Named for Pauline, the wife of Michigan orchardist Lewis Arends, Paula Reds are not quite as tart as their parent McIntosh, making them perfect for cooking down slowly into a mouth-watering applesauce.  

When we make applesauce with the Paulas, we don’t add any sugar or liquid at all – just core, dice, peel if desired, and pop them in a heavy-bottomed pot on low heat. It’s important to stir and check them regularly to stop cooking at the right time for optimum texture and flavor.

Check out Tom's Super-Simple Applesauce recipe on our website for more details. Don't stop there either - you'll find many more of our favorite recipes to try!


Please store your apples in the refrigerator!  Apples are very sensitive to heat, and they will start to break down very quickly at room temperature. At the very least, these early apples will become mushy and soft (fine for applesauce, not great for anything else); at worst, any little blemish will start to expand and pretty soon what started out as a pinprick will be a bruise that covers half the apple.

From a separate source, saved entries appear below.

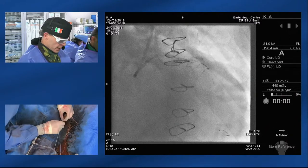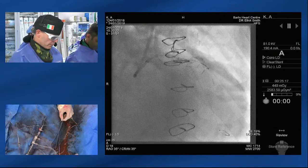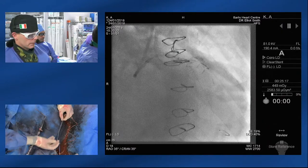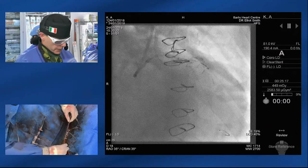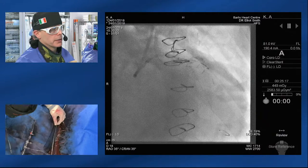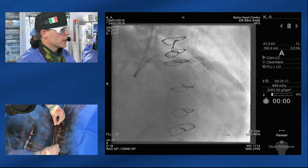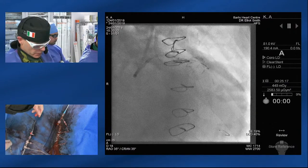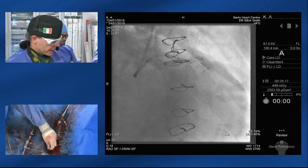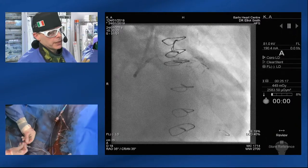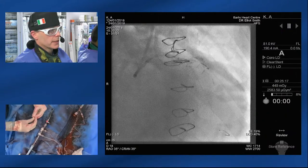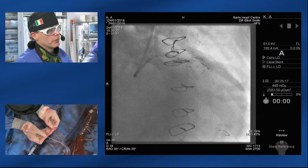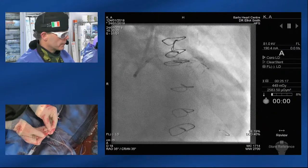Once we balloon across the distal CTO cap, Elliot's going to take the retrograde equipment out and we're basically just back to careful angioplasty. At this stage we want to be absolutely meticulous to get a good long-term result for this patient — that's going to involve intravascular ultrasound assessment and careful assessment of the proximal LAD. We think we've troubleshooted most of the anticipated problems. We're not going to let our guard drop until we've got a great result for this gentleman.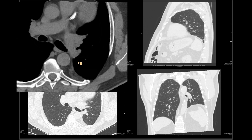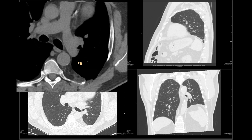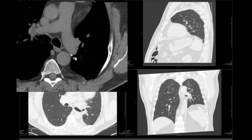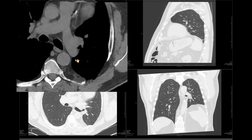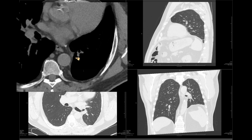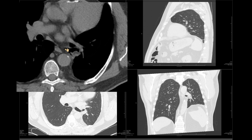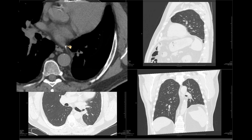The blood supply is straightforward: the left interlobar artery sends blood to the left lower lobe and also a couple of branches to the lingula. Venous drainage is via the left inferior pulmonary vein, and you can see the clip right there.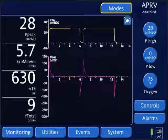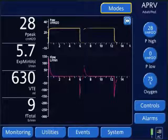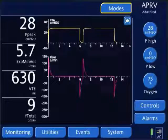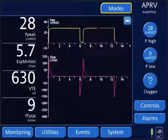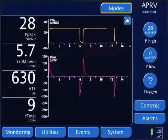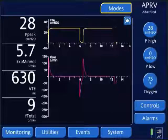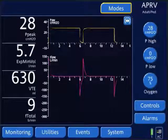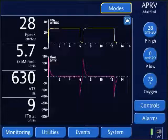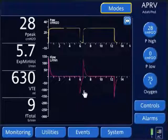One way to improve oxygenation during airway pressure release ventilation is to titrate the T-low. The first thing we want to do is assess the peak expiratory flow termination point.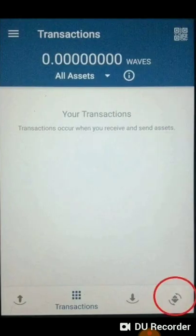Upon logging in to your Waves Wallet account, you should be on your home screen. Now, at the bottom part of your screen, look for the DEX icon — that's the decentralized exchange icon.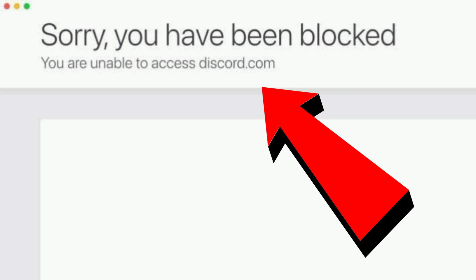Hello friends, if you are also facing this type of error — 'Sorry, you have been blocked' — where you are unable to access Discord, here is how you can fix this issue. Let's start, and before we do, make sure you like this video.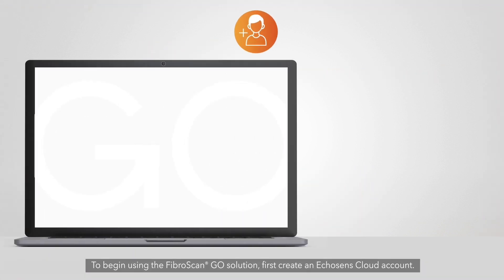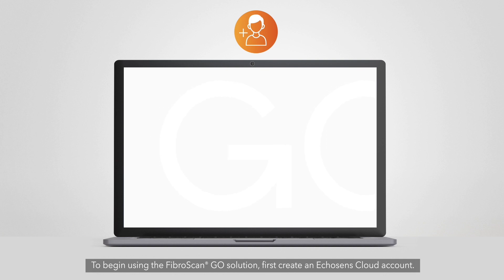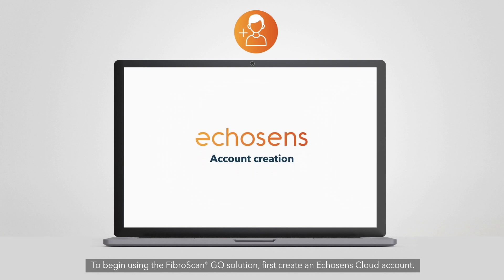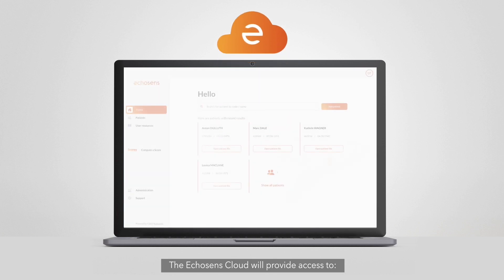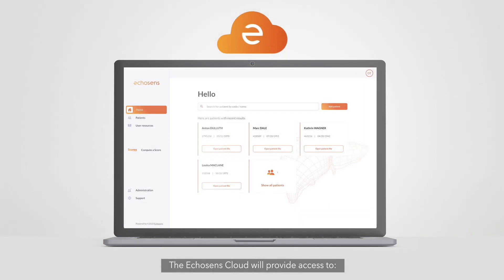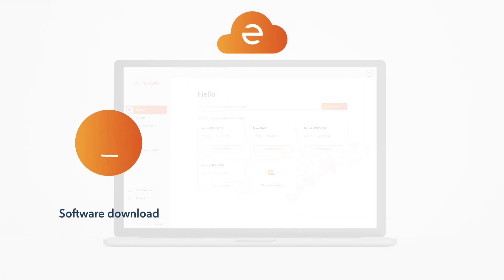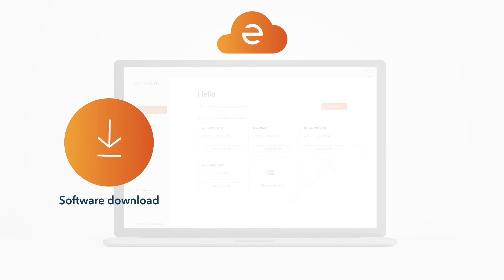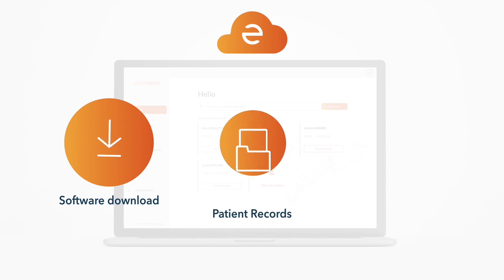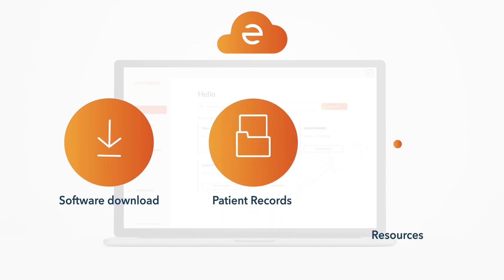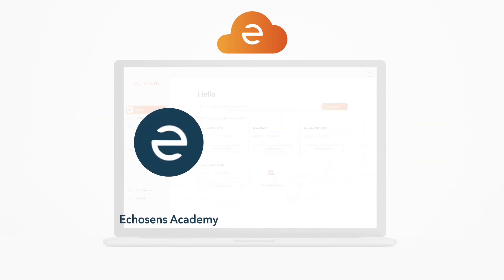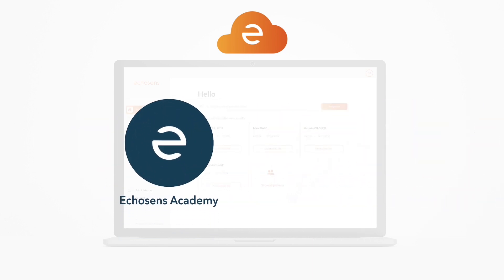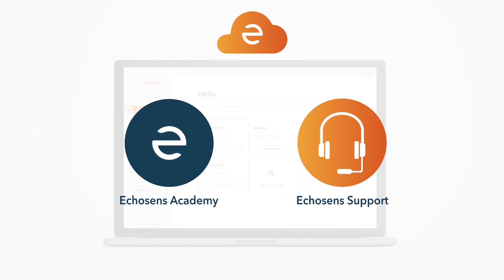To begin using the FibroScan Go solution, first create an Echosense cloud account. The Echosense cloud will provide access to the FibroScan application download, patient records, the resources section, the Echosense Academy with training resources, and Echosense support.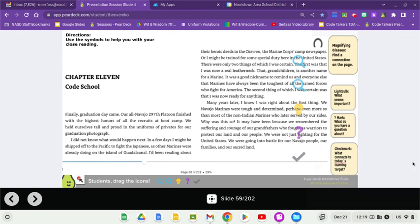Wella, wella, wella, wella, welcome back. Chapter 11, Code School.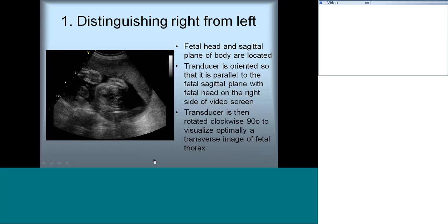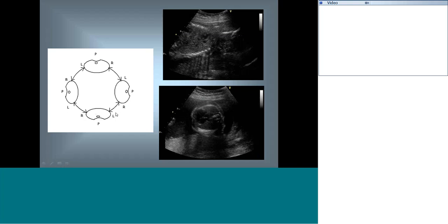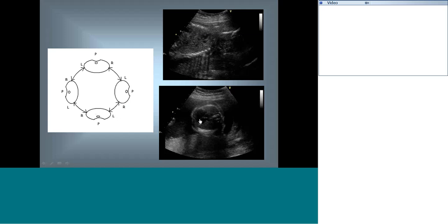Once we have the cross section of the fetal thorax, we look at this figure to understand what is right and what is left based on the position of the baby. In this figure, the head is on the right of the video screen, the transducer was rotated clockwise 90 degrees, and a cut section of the fetal thorax was obtained. We can see this is anterior (sternum) and this is posterior (spine). This is the baby's left and this is the baby's right. A very easy way to remember: if you stand in the position of the baby's heart facing the spine, your left is the baby's left.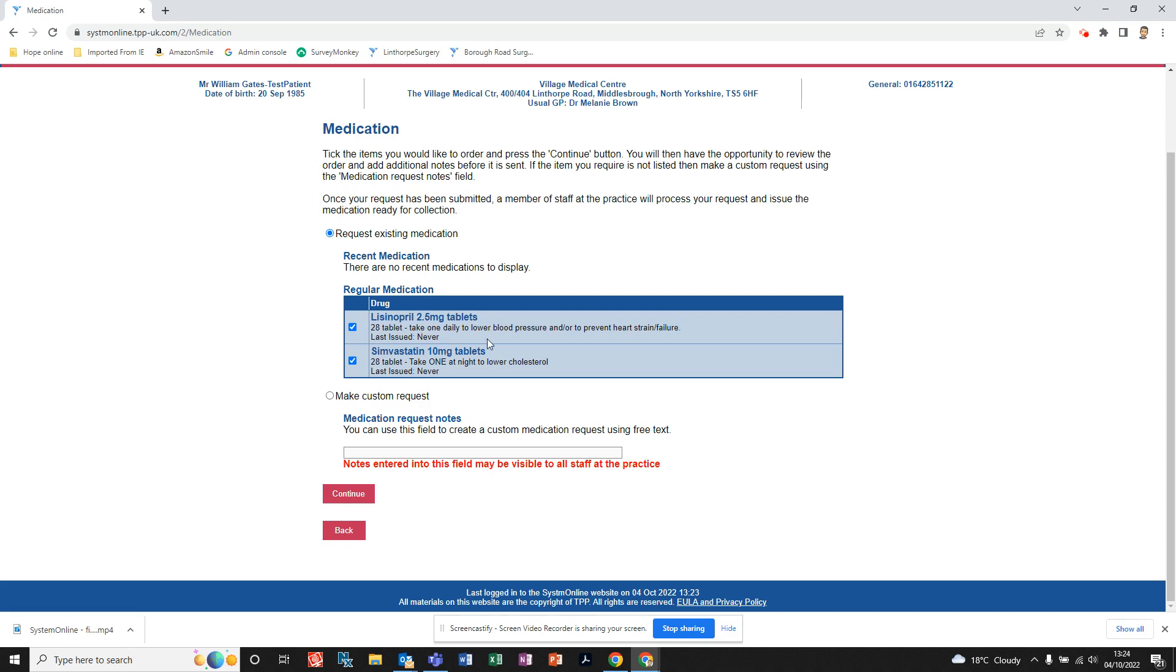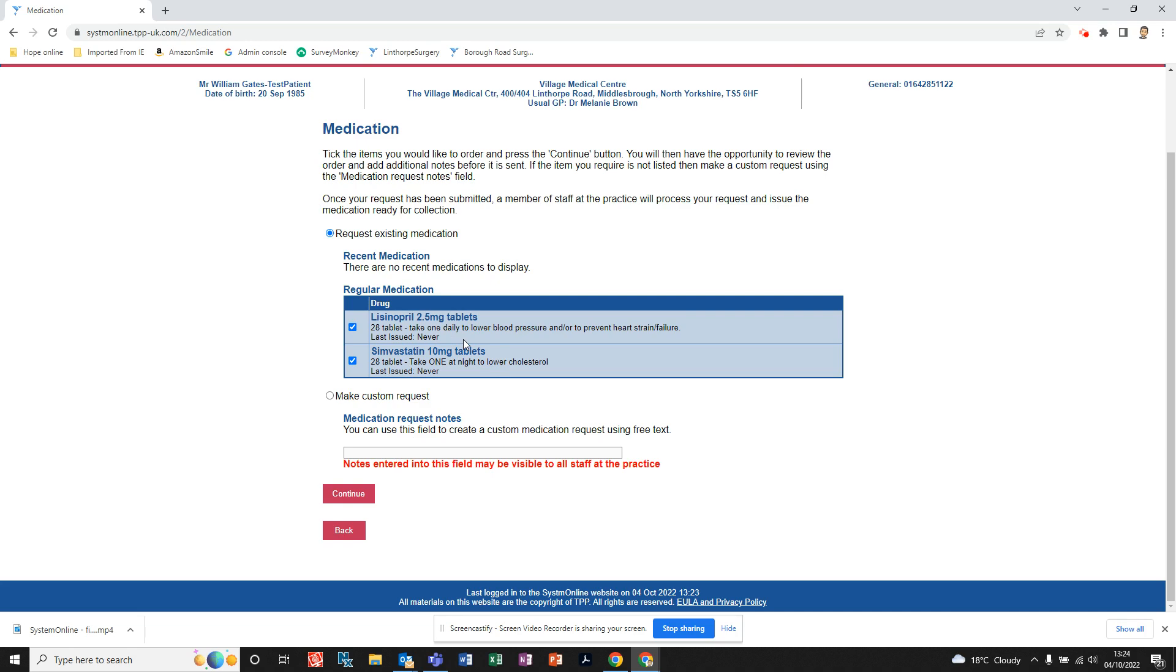So we click on the ones available. The Medication Request Notes section is if you've got any queries or questions about the medication you're on, whatever that might be. If you just type that in here, when you click Continue, that note will go along to your doctor's surgery with your request for the medication. If there's anything that they need to contact you about, they'll be in touch.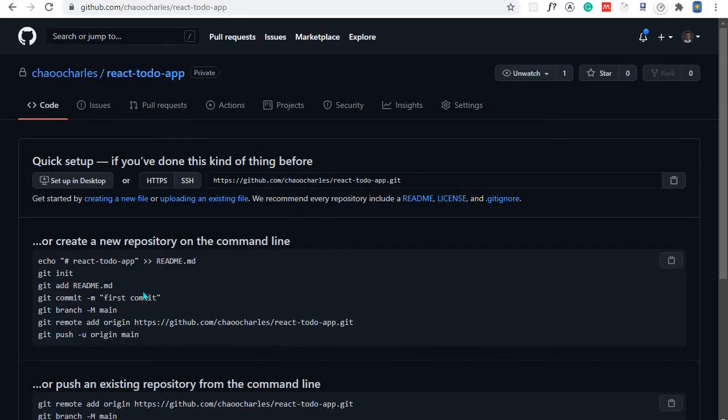Now we have instructions on how to connect our local repository to the GitHub repository and push the local code. But before we do that, I want to make some changes to our React code, and then we'll come back and follow these instructions.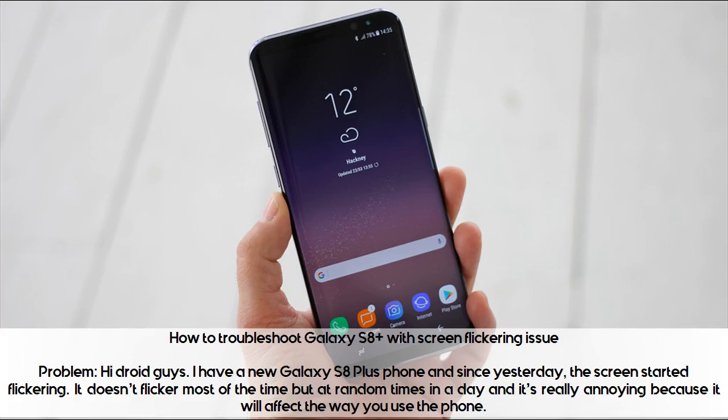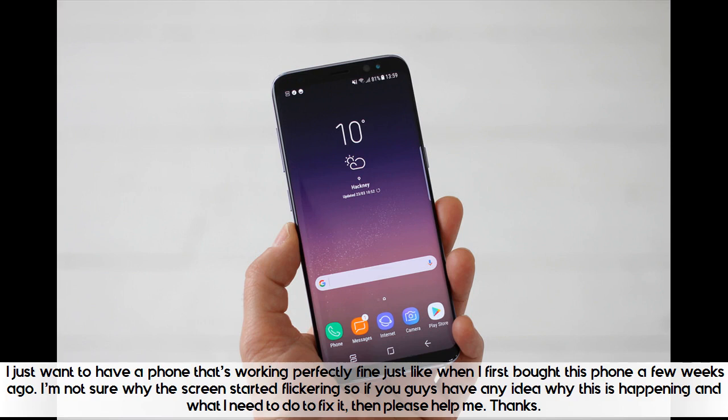How to troubleshoot Galaxy S8 Plus with screen flickering issue. I have a new Galaxy S8 Plus phone and since yesterday the screen started flickering. It doesn't flicker most of the time but at random times in a day, and it's really annoying because it will affect the way you use the phone. I just want to have a phone that's working perfectly fine, just like when I first bought this phone a few weeks ago.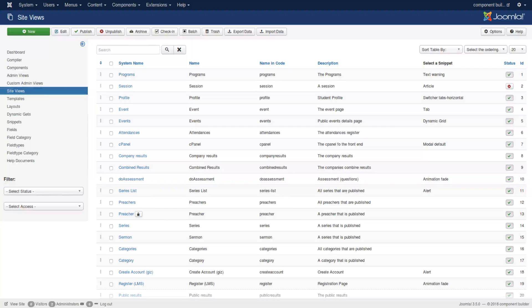Hi. Now that we've added a dynamic get to a site view and we have looked at how to access the data sets through the example snippets, we need to understand how layouts and templates link into site views. Basically, to know what is the site view in the code and what is the templates and what is the layouts in the code itself, and how does Joomla load those things.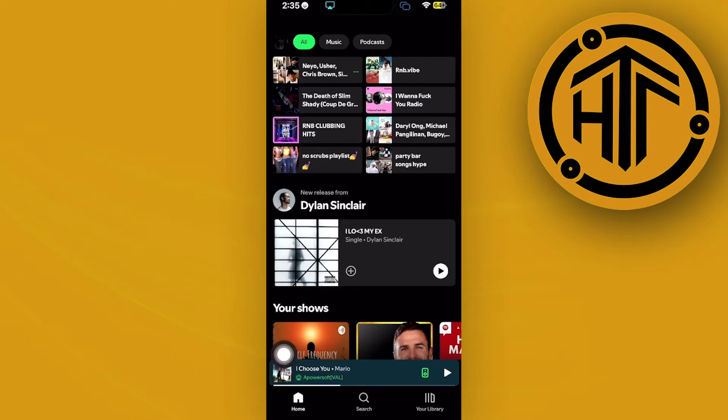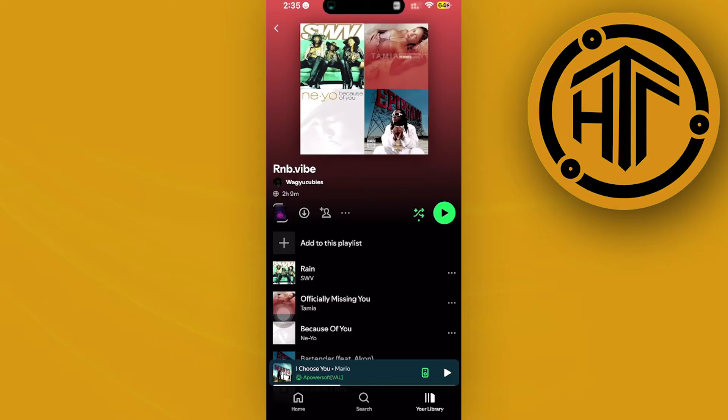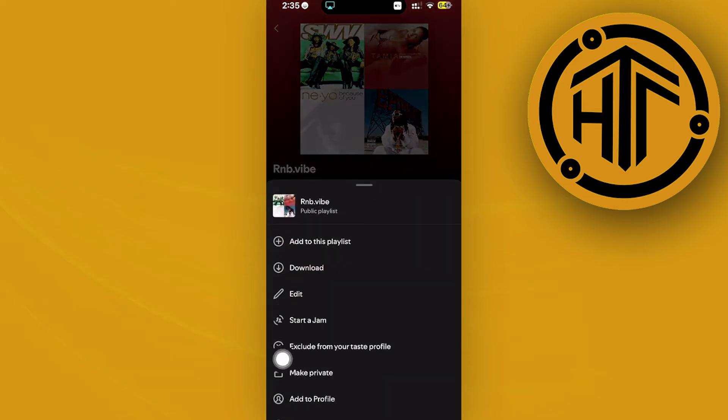All we need to do first is make sure that we have a playlist that we have created through our profile. In this case, I'm going to choose this playlist over here and then tap on this three dots icon to start a jam.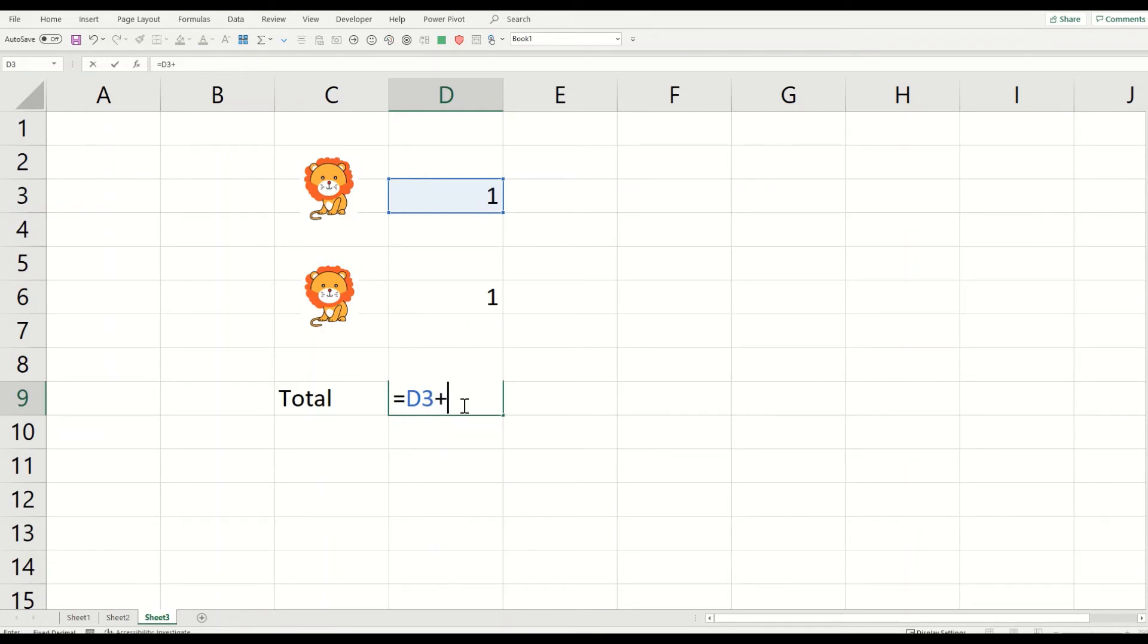So after pressing the plus button, I will select the second lion here. So now we have D3, this is lion one, plus D6, which is lion two.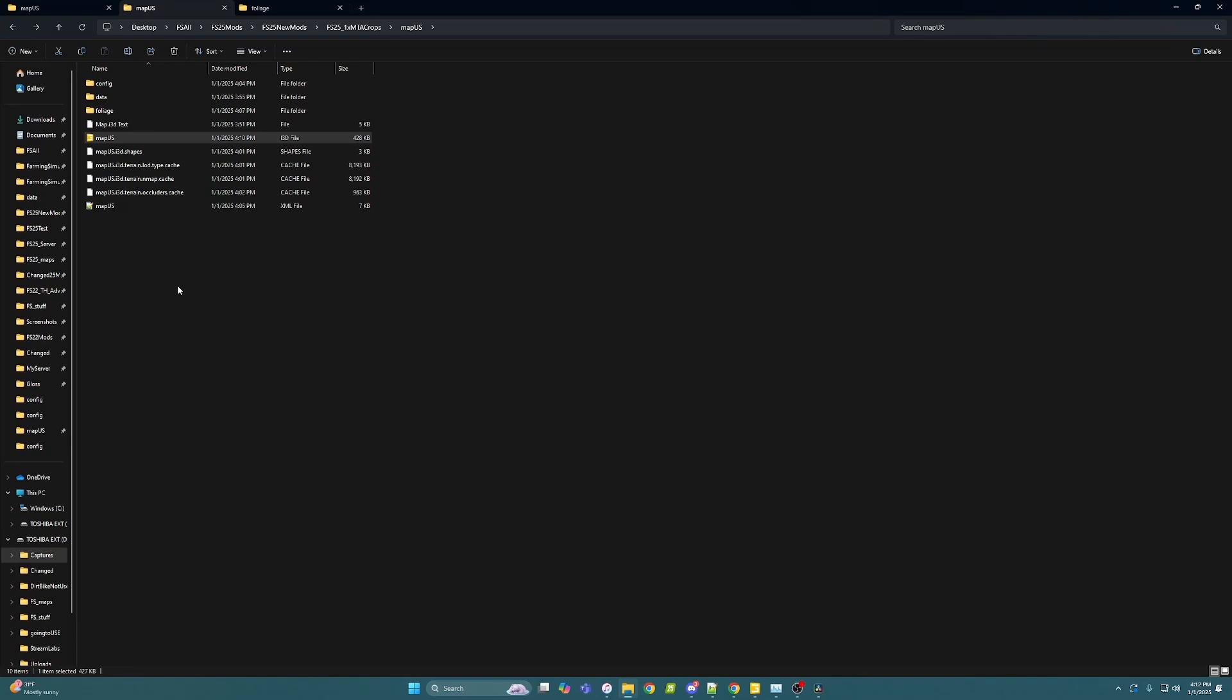Alright ladies, I am updating my sample mod map because Thunder has helped me be able to get multi-angle terrain in here correctly, and I'm going to show you how to do it for your map too.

Last but not least, put September 24th on your calendar for our Annual Harvest Party. More details to follow, but it is sure to be a fun and memorable time!


Mixed veggies prepped for winter share preservation.

important notes!

  • Sustainable shares only this week

  • September Farm Event coming up Saturday the 24th

upcoming events

please spread the news

  • September 16 - Rockford City Market 3:30-7:30 PM (new hours) through September 30 - Water and Market Streets

  • September 17 - Huntley Market  8Am-1PM through October 8 - Huntley Town Square

recipes from Momma Marcy

The Tomatoes, they continue. I don’t do much with them right now above and beyond just eating them (and i made some pretty great Jam from some of the cherries), but you know, I get that you guys have a lot of them and we keep giving you more. Lucky ducks. So here’s another recipe to keep you using those tomatoes before they go away for good!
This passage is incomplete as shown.